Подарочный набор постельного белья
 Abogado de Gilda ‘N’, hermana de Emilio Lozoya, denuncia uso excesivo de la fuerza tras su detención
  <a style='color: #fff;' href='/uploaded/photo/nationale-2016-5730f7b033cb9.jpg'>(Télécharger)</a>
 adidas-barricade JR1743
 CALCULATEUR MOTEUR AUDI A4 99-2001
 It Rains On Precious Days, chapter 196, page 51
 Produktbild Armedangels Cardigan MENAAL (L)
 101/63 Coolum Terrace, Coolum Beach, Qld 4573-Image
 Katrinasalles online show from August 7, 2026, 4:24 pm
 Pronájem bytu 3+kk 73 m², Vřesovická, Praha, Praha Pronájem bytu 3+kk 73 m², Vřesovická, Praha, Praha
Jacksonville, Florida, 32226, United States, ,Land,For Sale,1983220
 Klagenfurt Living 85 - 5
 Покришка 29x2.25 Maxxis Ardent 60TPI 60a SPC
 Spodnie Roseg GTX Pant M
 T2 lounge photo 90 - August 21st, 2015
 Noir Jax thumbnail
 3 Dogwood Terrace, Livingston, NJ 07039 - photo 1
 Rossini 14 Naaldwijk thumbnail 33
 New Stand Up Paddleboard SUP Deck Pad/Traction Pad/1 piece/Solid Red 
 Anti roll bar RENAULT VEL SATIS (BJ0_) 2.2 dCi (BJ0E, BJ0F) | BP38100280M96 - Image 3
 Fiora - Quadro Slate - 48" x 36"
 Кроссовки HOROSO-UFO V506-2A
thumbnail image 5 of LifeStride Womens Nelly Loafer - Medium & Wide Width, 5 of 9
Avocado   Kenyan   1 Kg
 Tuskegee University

PROBLEM DESCRIPTION -> Take the line above containing "It Rains On", the line containing "Rossini 14 Naaldwijk thumbnail 33", and all lines in between, and copy them exactly without anything else.

RESULT OF THIS EXERCISE ->
 It Rains On Precious Days, chapter 196, page 51
 Produktbild Armedangels Cardigan MENAAL (L)
 101/63 Coolum Terrace, Coolum Beach, Qld 4573-Image
 Katrinasalles online show from August 7, 2026, 4:24 pm
 Pronájem bytu 3+kk 73 m², Vřesovická, Praha, Praha Pronájem bytu 3+kk 73 m², Vřesovická, Praha, Praha
Jacksonville, Florida, 32226, United States, ,Land,For Sale,1983220
 Klagenfurt Living 85 - 5
 Покришка 29x2.25 Maxxis Ardent 60TPI 60a SPC
 Spodnie Roseg GTX Pant M
 T2 lounge photo 90 - August 21st, 2015
 Noir Jax thumbnail
 3 Dogwood Terrace, Livingston, NJ 07039 - photo 1
 Rossini 14 Naaldwijk thumbnail 33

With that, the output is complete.